* [ACTIVITY]: With pictures left out, set down exactly the lines that begin at the one containing "From here, you" and end with the last line of the entries below.

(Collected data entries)
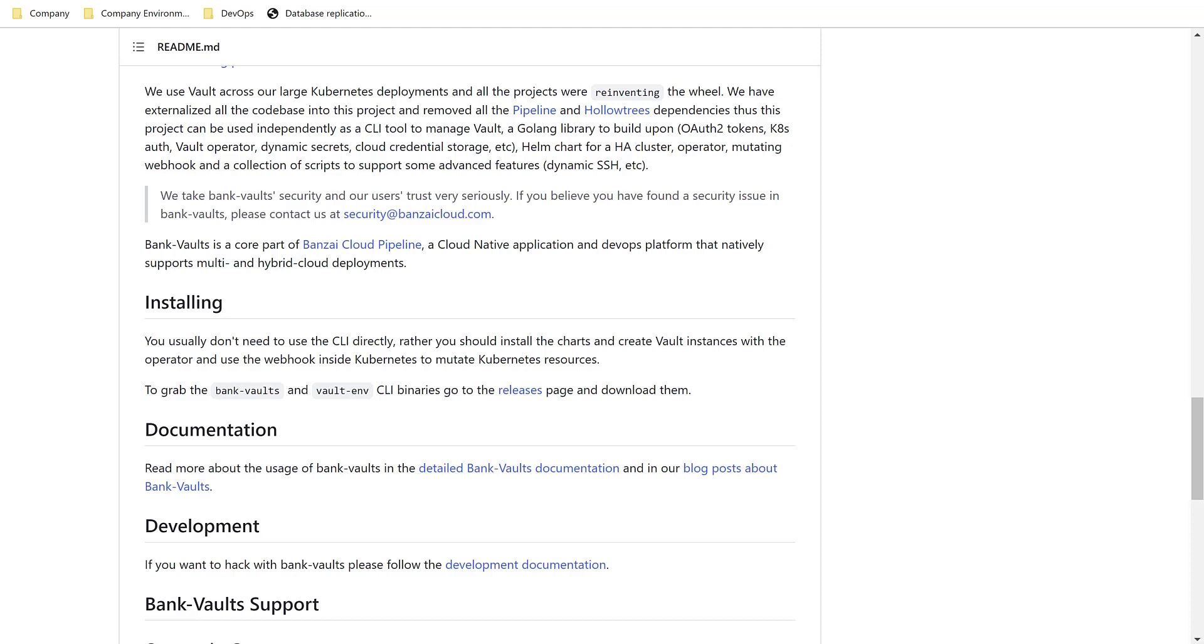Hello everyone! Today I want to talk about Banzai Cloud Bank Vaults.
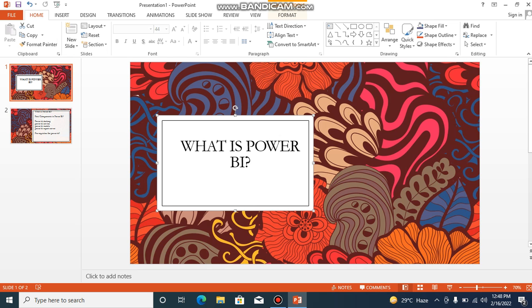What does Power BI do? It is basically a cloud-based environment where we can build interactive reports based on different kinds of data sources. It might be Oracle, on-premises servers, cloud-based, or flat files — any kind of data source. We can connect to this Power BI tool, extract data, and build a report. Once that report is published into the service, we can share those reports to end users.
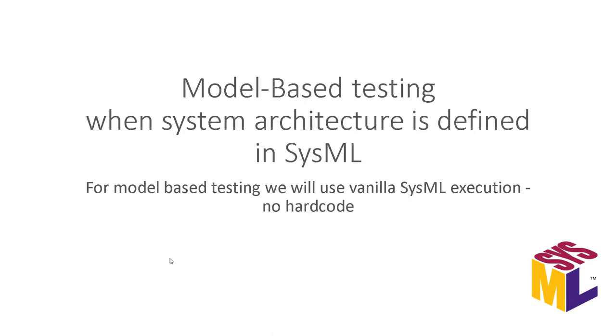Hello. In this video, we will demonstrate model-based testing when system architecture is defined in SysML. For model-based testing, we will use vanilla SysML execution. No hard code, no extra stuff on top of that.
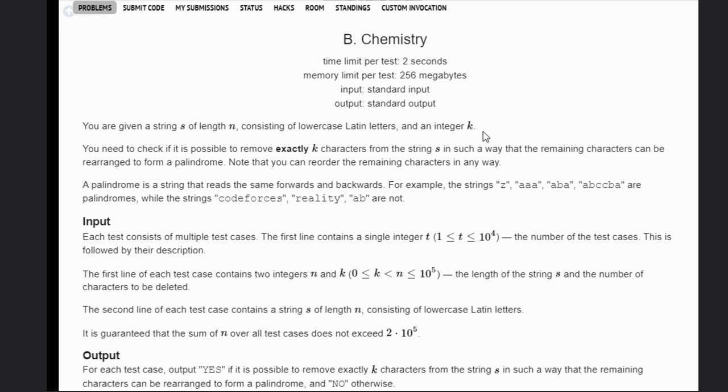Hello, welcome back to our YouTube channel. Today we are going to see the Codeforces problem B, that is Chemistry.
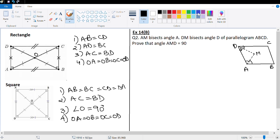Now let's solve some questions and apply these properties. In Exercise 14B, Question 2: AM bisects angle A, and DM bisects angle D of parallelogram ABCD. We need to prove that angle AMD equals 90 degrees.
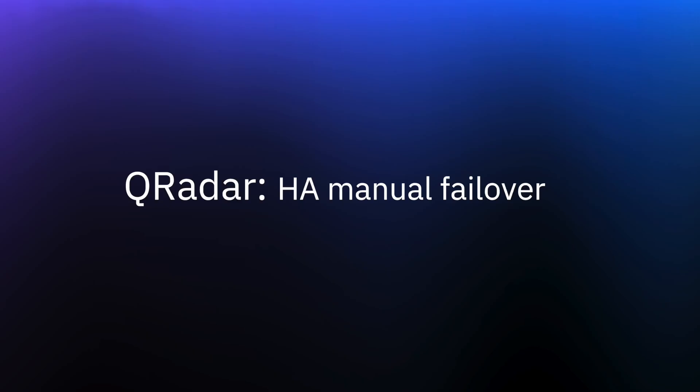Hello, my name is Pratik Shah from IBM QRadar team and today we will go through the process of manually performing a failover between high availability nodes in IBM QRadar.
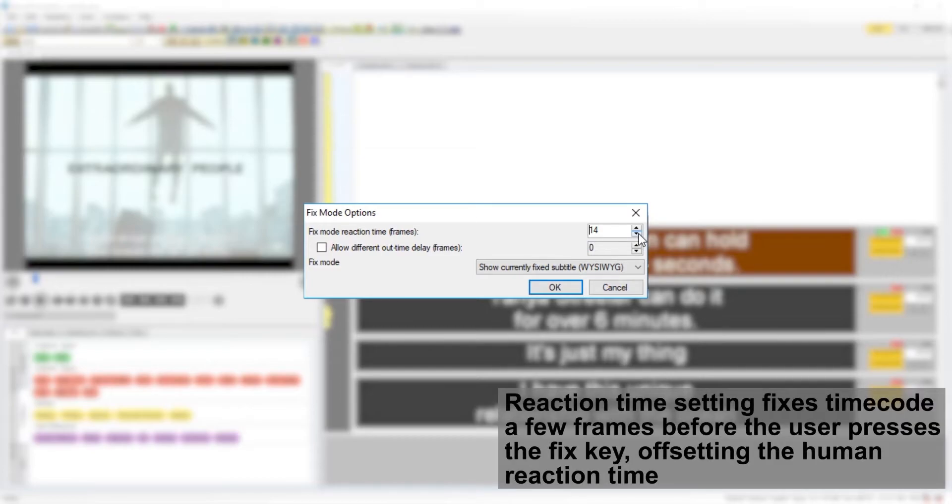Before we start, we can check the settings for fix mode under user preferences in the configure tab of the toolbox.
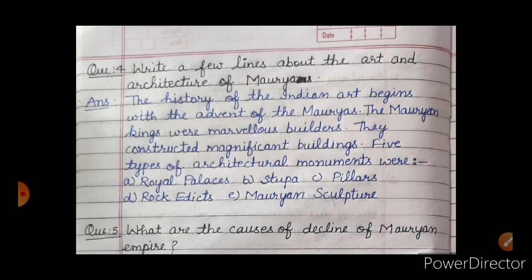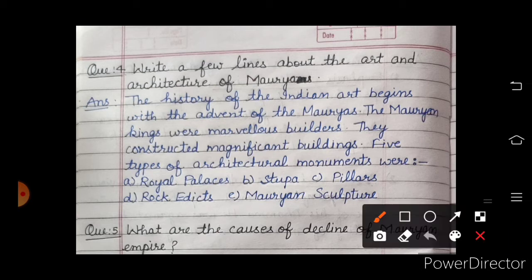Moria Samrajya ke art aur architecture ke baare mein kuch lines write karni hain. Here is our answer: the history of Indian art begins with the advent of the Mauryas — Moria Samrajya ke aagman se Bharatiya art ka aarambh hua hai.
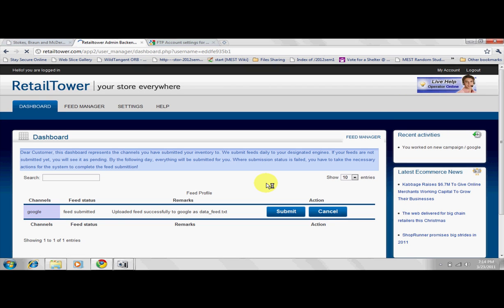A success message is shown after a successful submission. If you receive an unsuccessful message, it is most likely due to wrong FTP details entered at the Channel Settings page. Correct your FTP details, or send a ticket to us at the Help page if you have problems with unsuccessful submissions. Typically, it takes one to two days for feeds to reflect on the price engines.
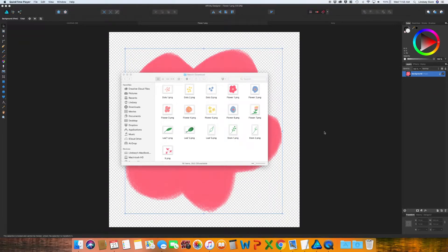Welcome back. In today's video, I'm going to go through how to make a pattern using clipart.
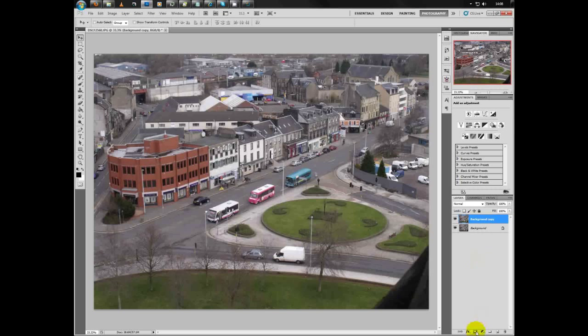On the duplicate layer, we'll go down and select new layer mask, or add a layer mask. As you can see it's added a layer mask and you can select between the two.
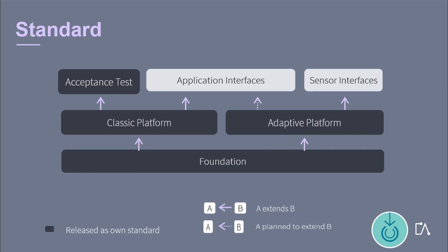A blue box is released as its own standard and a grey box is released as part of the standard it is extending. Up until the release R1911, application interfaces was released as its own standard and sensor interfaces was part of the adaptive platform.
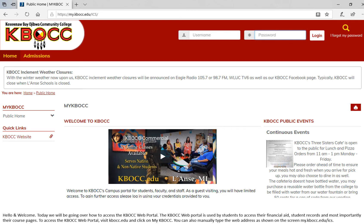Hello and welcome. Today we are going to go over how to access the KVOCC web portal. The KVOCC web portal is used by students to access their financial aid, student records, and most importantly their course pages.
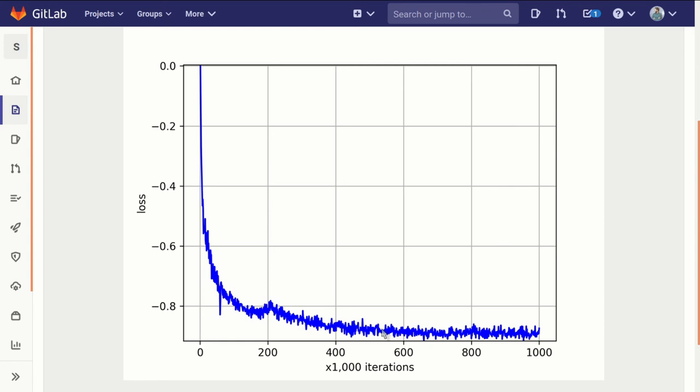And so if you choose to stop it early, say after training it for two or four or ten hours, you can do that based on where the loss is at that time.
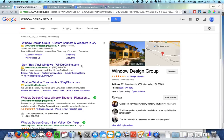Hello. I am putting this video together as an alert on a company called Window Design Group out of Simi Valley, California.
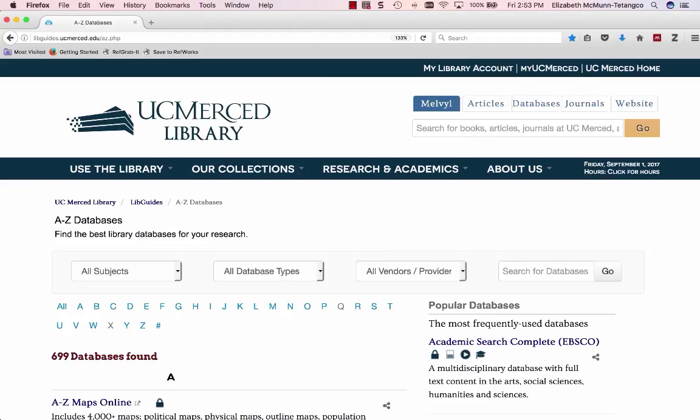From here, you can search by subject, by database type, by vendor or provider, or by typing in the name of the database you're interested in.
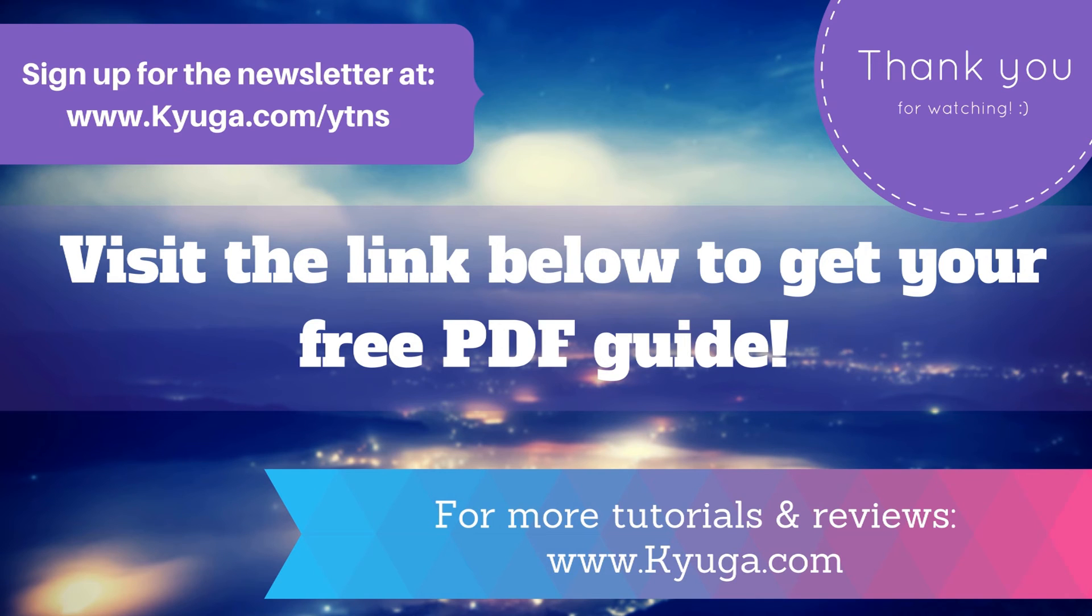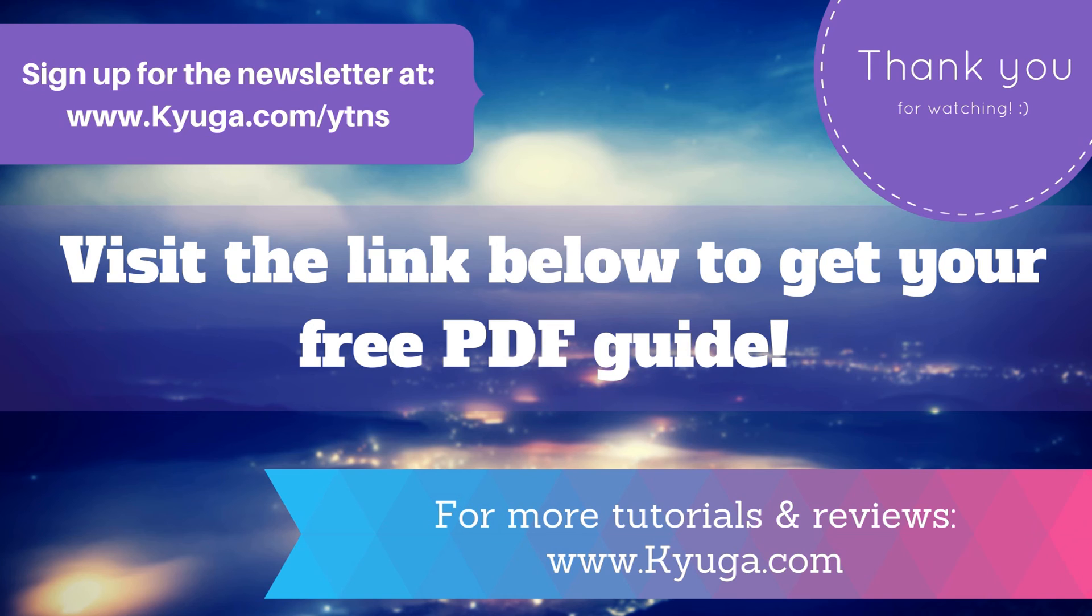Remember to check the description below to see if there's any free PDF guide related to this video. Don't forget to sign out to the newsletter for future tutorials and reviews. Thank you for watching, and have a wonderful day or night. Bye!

* [ANSWER SECTION]:
From here, you can search by subject, by database type, by vendor or provider, or by typing in the name of the database you're interested in.
Remember to check the description below to see if there's any free PDF guide related to this video. Don't forget to sign out to the newsletter for future tutorials and reviews. Thank you for watching, and have a wonderful day or night. Bye!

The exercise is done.